Synthesis and reactivity of 4-acyl-5-hydroxytriazolines resulting from thermal reaction of aryl and tosyl azides with 2-substituted indane-1,3-diones

Abstract

Reaction of aryl azides 1 with 2-methylindane-1,3-dione 3 in HMPA at 55 °C results in the formation of fairly stable tricyclic 4-acyl-5-hydroxytriazolines 6 in yields greatly decreasing with decreasing electrophilic character of the aryl azide reactant. Similar reaction of 4-nitrophenyl azide 1a with 2-phenylindanedione 4 affords the corresponding 5-hydroxytriazoline 7a in high isolated yield.
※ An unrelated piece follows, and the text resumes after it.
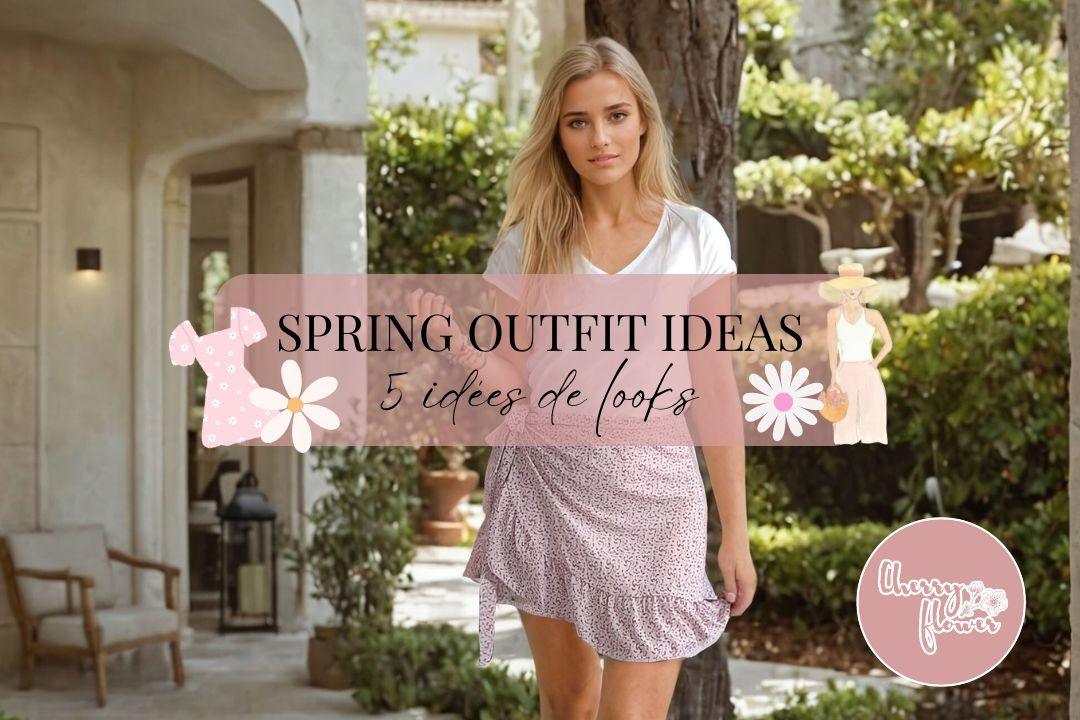 Spring outfit ideas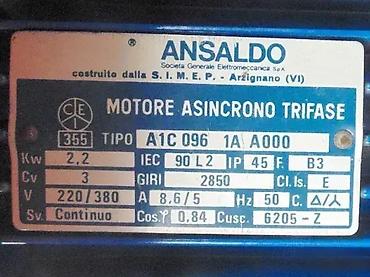 Ostali alati i mašine: Kopir strug Baldoni 🛠️ Tehničke karakteristike: Dvostruki kopir — 5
Upon photolysis or treatment with trifluoroacetic acid the hydroxytriazolines 6 undergo exclusive decomposition to 2-arylamino-2-methylindanediones 12 through the reactive hydroxyaziridine 19 intermediates. On the other hand, upon thermolysis at 95 °C compounds 6 appear to rearrange preferentially to ring-expanded 2-arylisoquinoline-1,3-diones 13, which are believed to result eventually from Wolff rearrangement of initially formed diazo keto amides. The strongly electrophilic tosyl azide 2 reacts smoothly with 2-methylindanedione 3 in HMPA, at room temperature, to give a mixture of the 2-tosylisoquinoline-1,3-dione 14 and the isomeric 1,4-dione 17 to a comparable extent. Under similar conditions, the azide 2 reacts with 2-phenylindanedione 4 to give exclusively the isoquinoline-1,3-dione 15 in virtually quantitative yield. The products 14, 17 and 15 are ascribable to intramolecularly acid-catalysed decomposition of unstable diazocarbonyl compounds resulting from isomerization of reactive 5-hydroxy-1-tosyltriazolines adducts. An X-ray crystal structure analysis of the 4-acyl-5-hydroxytriazoline 6c has been performed.